On peut dire, avec Causse, qu'il
prépara le schisme entre l'Évangile et la Loi et ouvrit la voie à
saint
Paul. Sa violente critique du Judaïsme causa sa perte, et elle attira
une grande persécution, non pas sur l'église de Jérusalem dans son
ensemble, puisque les apôtres furent épargnés (8,
1), mais sur le groupement helléniste.
Dispersés, ses chefs s'adonnèrent à
la mission (8,
4). Philippe évangélisa Samarie (8,
5-8), où il convertit Simon le Magicien (8,
13). Il baptisa un ministre éthiopien sur le chemin de
Jérusalem à Gaza (8,
38). D'autres firent des recrues en Phénicie, en Chypre et à
Antioche (11,
19). De son côté, Pierre exerça une
activité difficile à préciser, car la source qui la raconte est
déparée
par le merveilleux, et altérée par une conception ecclésiastique qui
exaltait déjà l'autorité des apôtres (12).
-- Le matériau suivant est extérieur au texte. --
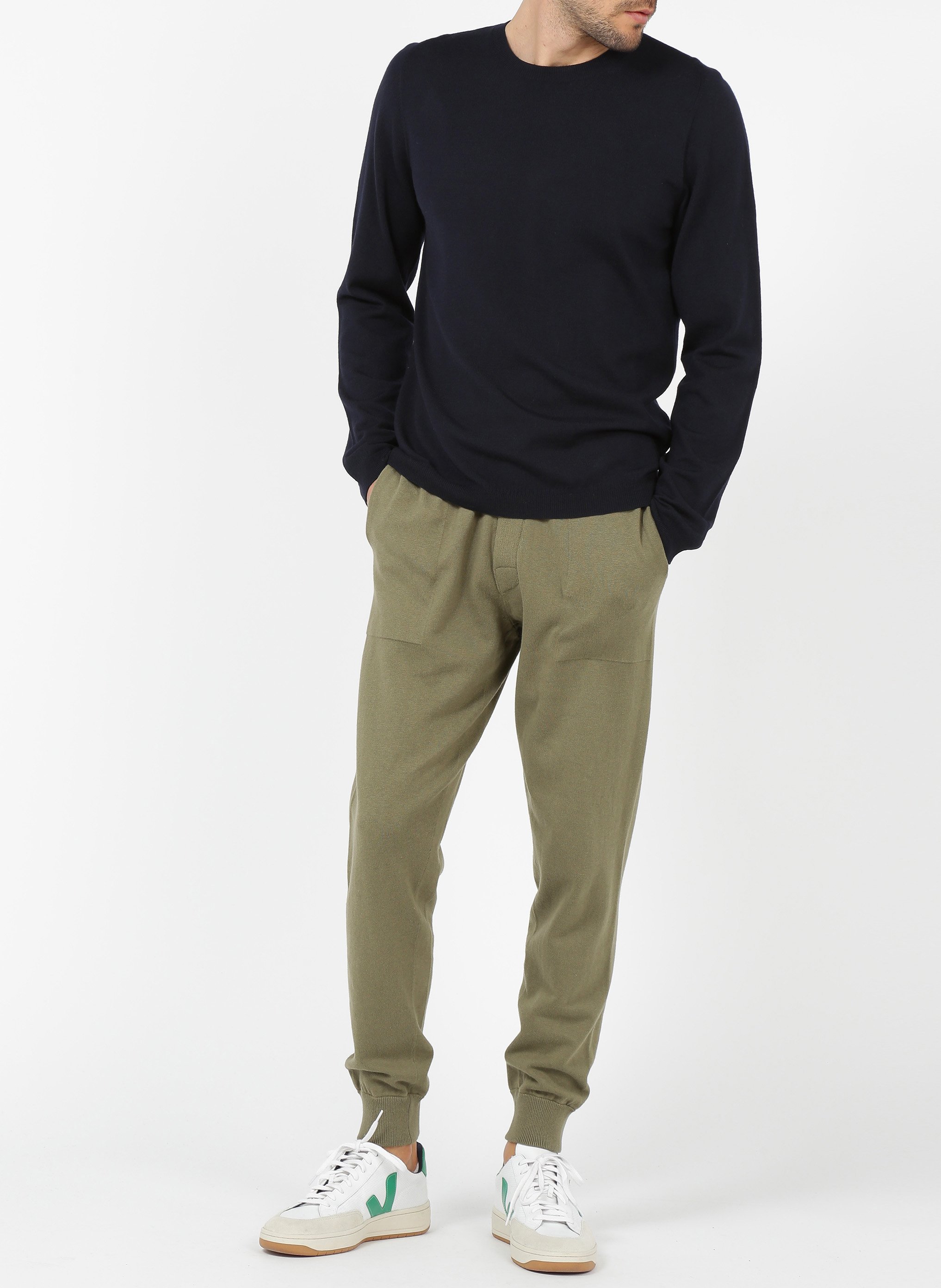 Regular-fit round-neck wool sweater AU PRINTEMPS PARIS Blue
C'est alors qu'apparaissent deux
noms, célèbres dans l'histoire de l'Église, celui d'un centre
missionnaire et celui d'un apôtre, Antioche et Paul.
Pittoresquement bâtie sur les bords
de l'Oronte, entourée d'un mur d'enceinte pareil à une couronne dentelée,
qui enfermait des vallons, où
tombaient des cascades, des jardins enchanteurs, des bois de lauriers
et de myrtes, des palais et des temples, Antioche était une ville de
luxe et de plaisir, paradis des magiciens, où se pressait une
aristocratie coudoyée par 'une population remuante et avilie. Mais il
s'y forma vite une église chrétienne, recrutée dans la colonie juive,
qu'avaient attirée le commerce et le libéralisme de la cité, ainsi que
parmi les prosélytes païens (voir
Appendice V)
(Actes,
11, 19-21). « Il s'y manifesta
dès le principe, dit Auguste Sabatier, un esprit tout différent de
celui qui régnait -dans l'église de Jérusalem.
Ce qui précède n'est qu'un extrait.